Assignment
Please transcribe the data exactly as shown, skipping the images.

Given data
========
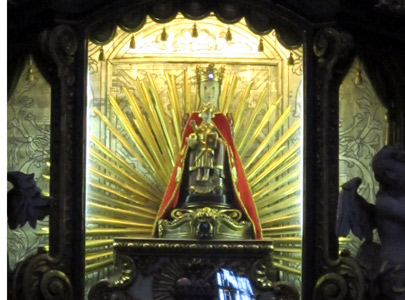 Am Altar befindet sich die 43 cm große Figur der Warthaer-Madonna. Sie ist die älteste Holzfigur Schlesiens.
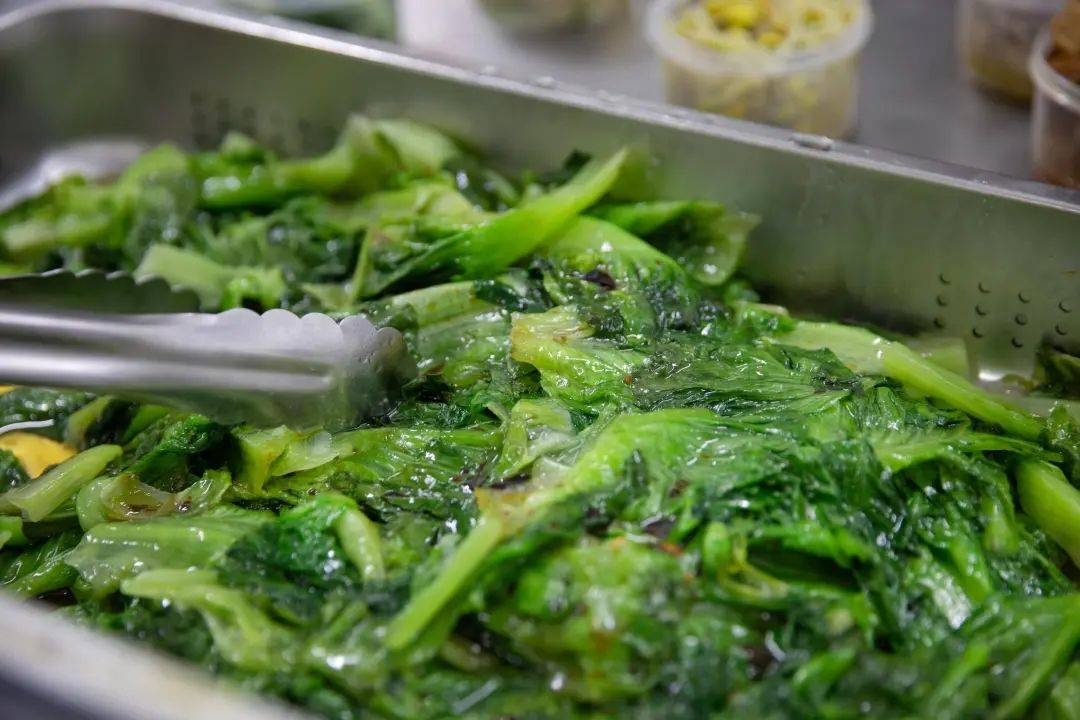 陵水机关食堂里浓浓的邻里“味”开元棋牌民生实事“陵”距离(图10) 陵水机关食堂里浓浓的邻里“味”开元棋牌民生实事“陵”距离(图10)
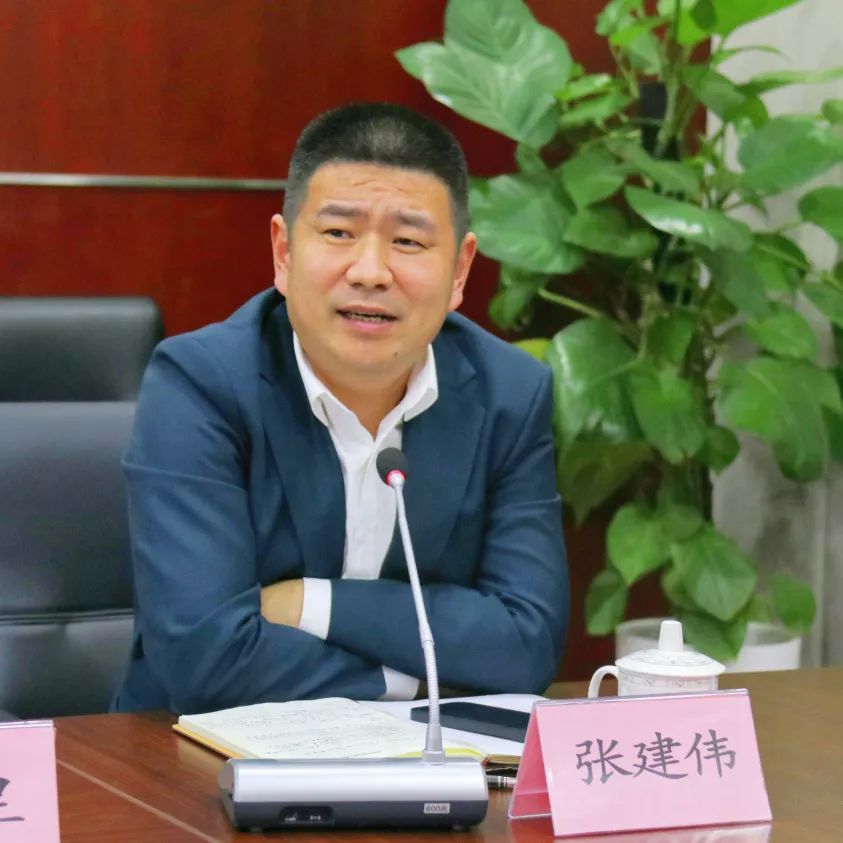 街道人大工委主任徐利锋,街道党工委副书记张丹,街道党工委委员,纪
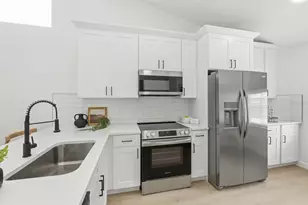 5581 Greyston St, Palm Harbor, FL 34685 - Photo 11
========
Exercise answer
 Am Altar befindet sich die 43 cm große Figur der Warthaer-Madonna. Sie ist die älteste Holzfigur Schlesiens.
 陵水机关食堂里浓浓的邻里“味”开元棋牌民生实事“陵”距离(图10) 陵水机关食堂里浓浓的邻里“味”开元棋牌民生实事“陵”距离(图10)
 街道人大工委主任徐利锋,街道党工委副书记张丹,街道党工委委员,纪
 5581 Greyston St, Palm Harbor, FL 34685 - Photo 11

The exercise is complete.